## YOUR GOAL
Although the records include pictures, print only the rest, exactly as written.
━━━━━━━━━━━━━━━━━━━━
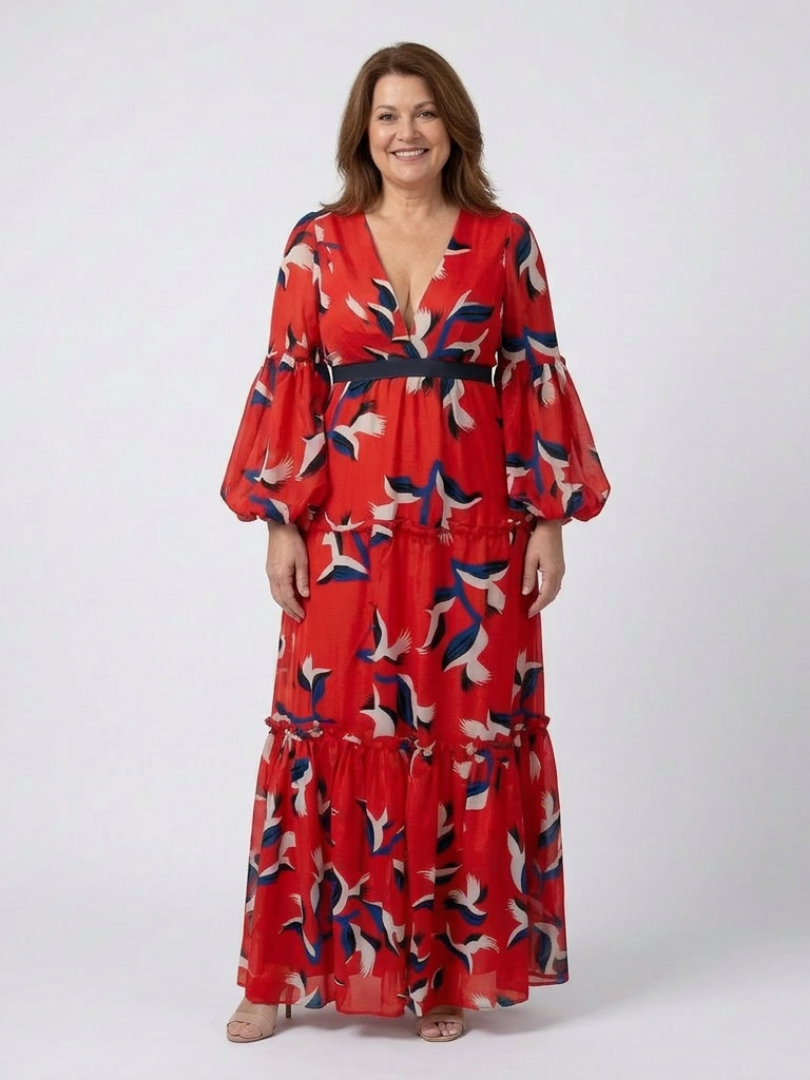 Effortless Evening Maxi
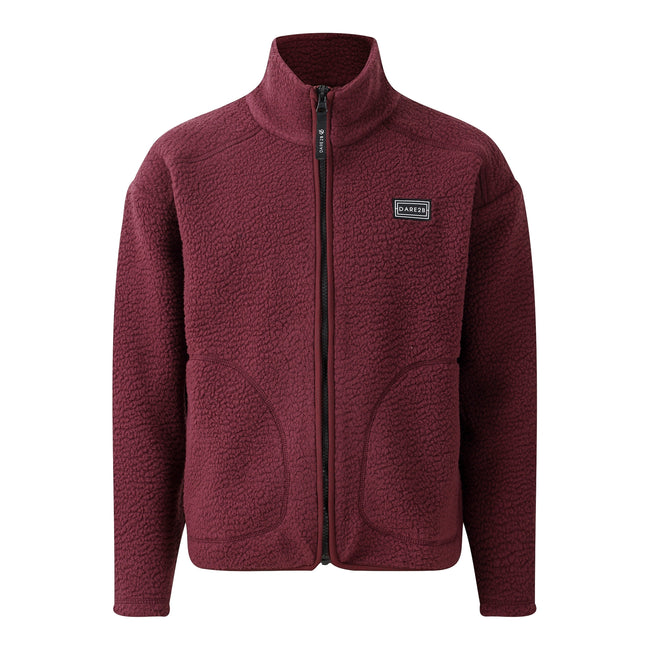 Fig - Front - Dare 2B Childrens-Kids Zesty II Fleece Jacket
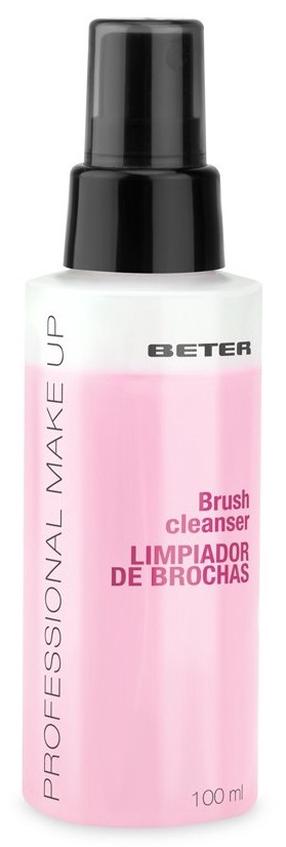 Очиститель кистей Beter Professional 22130, 100 мл, розовый цв.
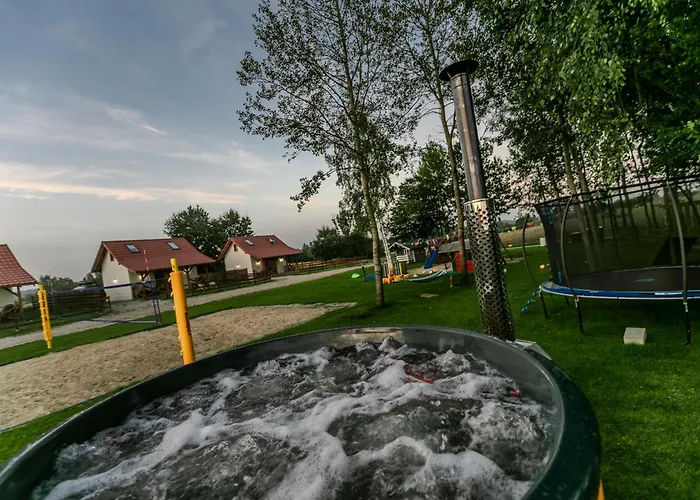 Ostoja - Na Kaszubach, Sauna, Balia-jacuzzi, Plac Zabaw, Tyrolka , Dwa Boiska, Miejsce Na Ognisko, Grill Gazowy Lemany (Kartuzy)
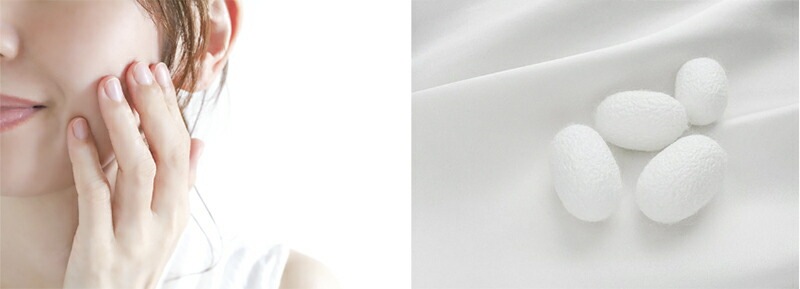 マッサージブラシ 雪繭 マッサージブラシ ウェット 大サイズ(生糸100%) 無添加 正規品 天然 ナチュラル ノンケミカル 自然 ボディブラシ ボディケア フェイスケア 毛穴汚れ リンパマッサージ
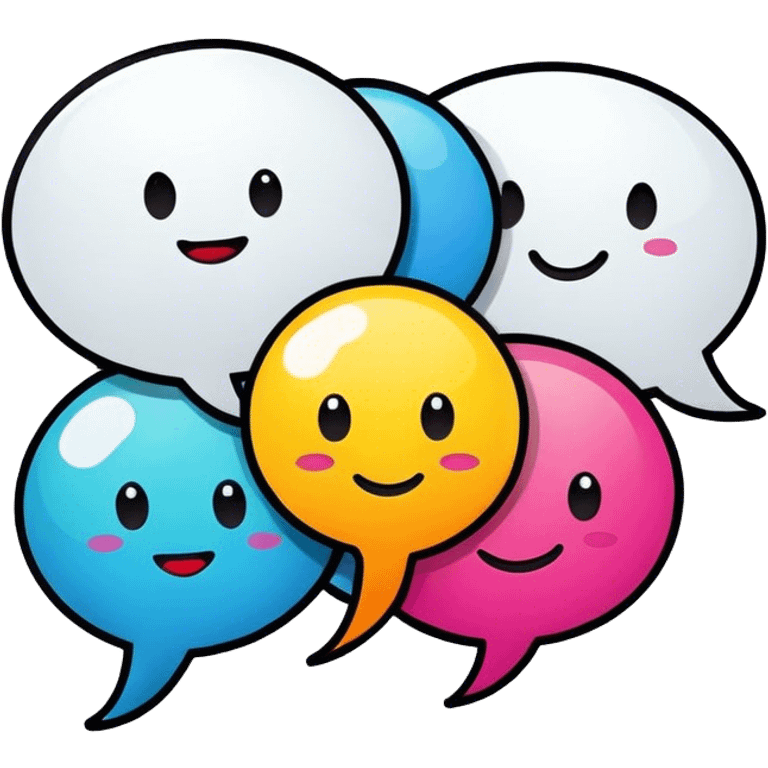 Comic drawing icon, colorful comic book style, bold lines, vibrant characters, speech bubbles with text, bright colors, minimalistic design, on a white background. emoji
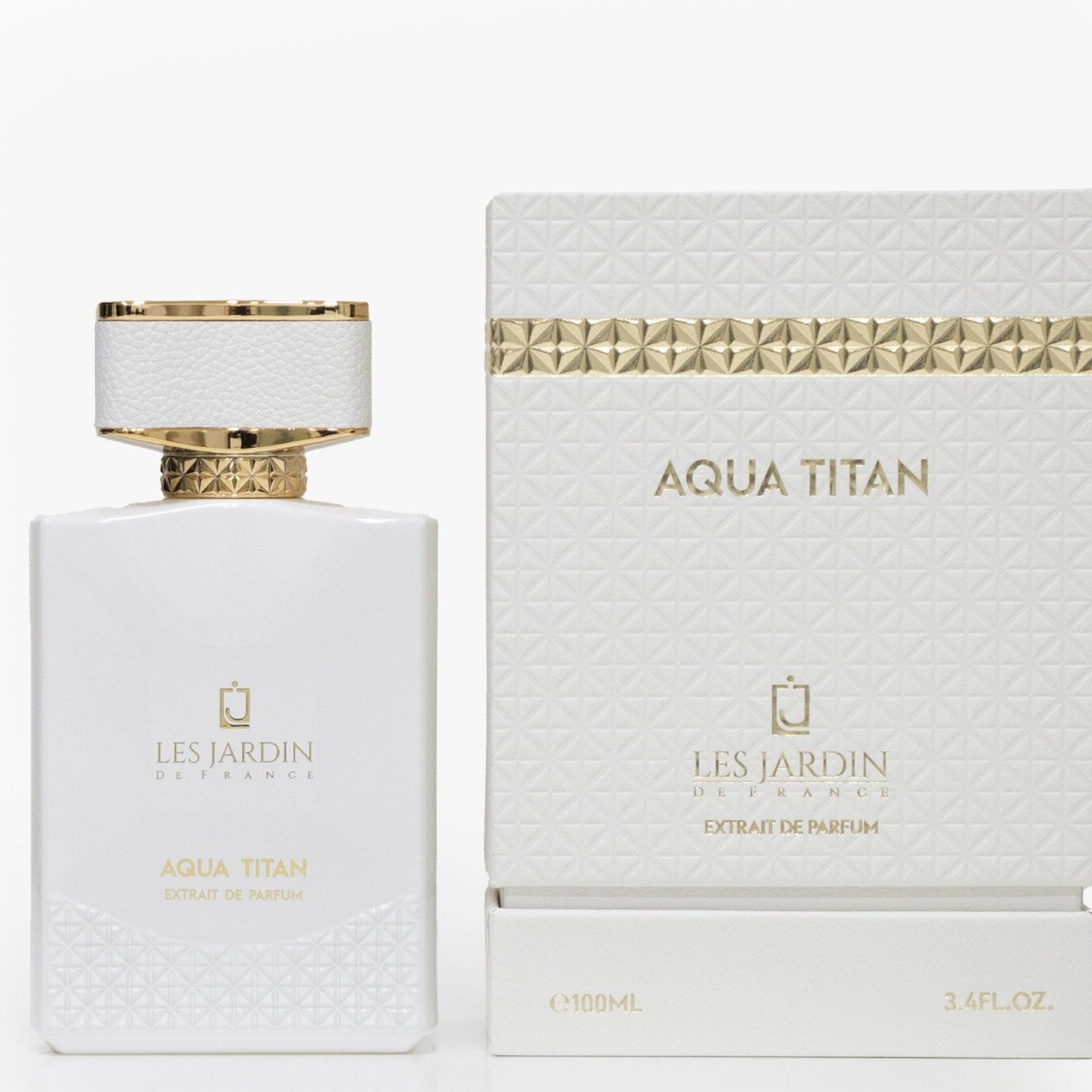 Aqua Titan by LES JARDIN DE FRANCE  3.4 oz Extrait De Parfum Unisex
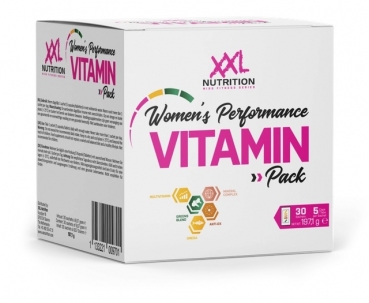 Women's Performance Vitamin Pack - 30 sachets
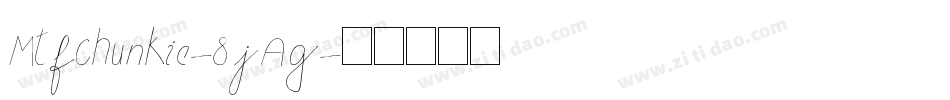 MtfChunkie-8jAg字体转换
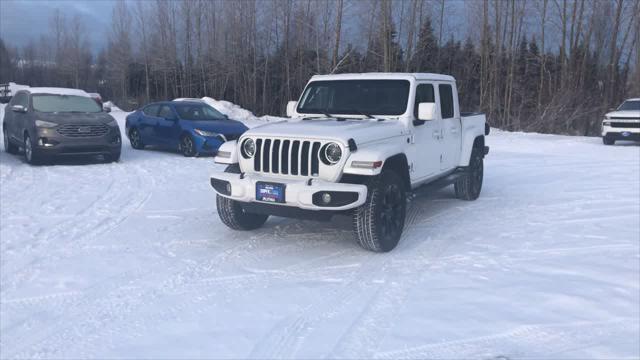 used 2023 Jeep Gladiator car, priced at $42,100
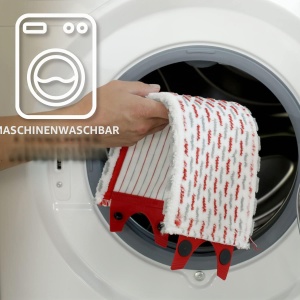 Mop Vileda, 42cm, Multi-culoare, pentru toate tipurile de suprafete - Img 6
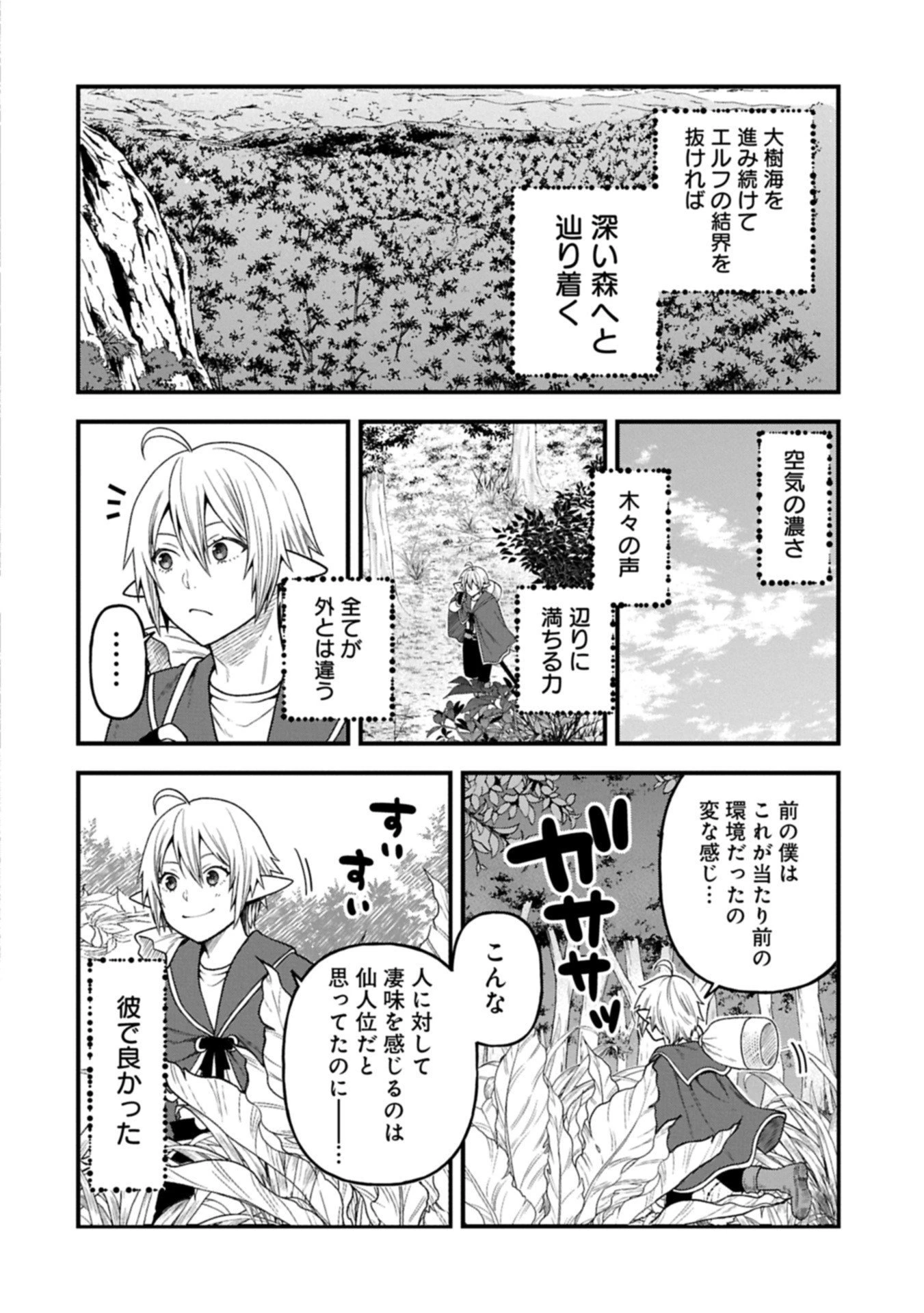 転生してハイエルフになりましたが、スローライフは120年で飽きました 第44.2話 - 6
━━━━━━━━━━━━━━━━━━━━
## EXERCISE OUTPUT
 Effortless Evening Maxi
 Fig - Front - Dare 2B Childrens-Kids Zesty II Fleece Jacket
 Очиститель кистей Beter Professional 22130, 100 мл, розовый цв.
 Ostoja - Na Kaszubach, Sauna, Balia-jacuzzi, Plac Zabaw, Tyrolka , Dwa Boiska, Miejsce Na Ognisko, Grill Gazowy Lemany (Kartuzy)
 マッサージブラシ 雪繭 マッサージブラシ ウェット 大サイズ(生糸100%) 無添加 正規品 天然 ナチュラル ノンケミカル 自然 ボディブラシ ボディケア フェイスケア 毛穴汚れ リンパマッサージ
 Comic drawing icon, colorful comic book style, bold lines, vibrant characters, speech bubbles with text, bright colors, minimalistic design, on a white background. emoji
 Aqua Titan by LES JARDIN DE FRANCE  3.4 oz Extrait De Parfum Unisex
 Women's Performance Vitamin Pack - 30 sachets
 MtfChunkie-8jAg字体转换
 used 2023 Jeep Gladiator car, priced at $42,100
 Mop Vileda, 42cm, Multi-culoare, pentru toate tipurile de suprafete - Img 6
 転生してハイエルフになりましたが、スローライフは120年で飽きました 第44.2話 - 6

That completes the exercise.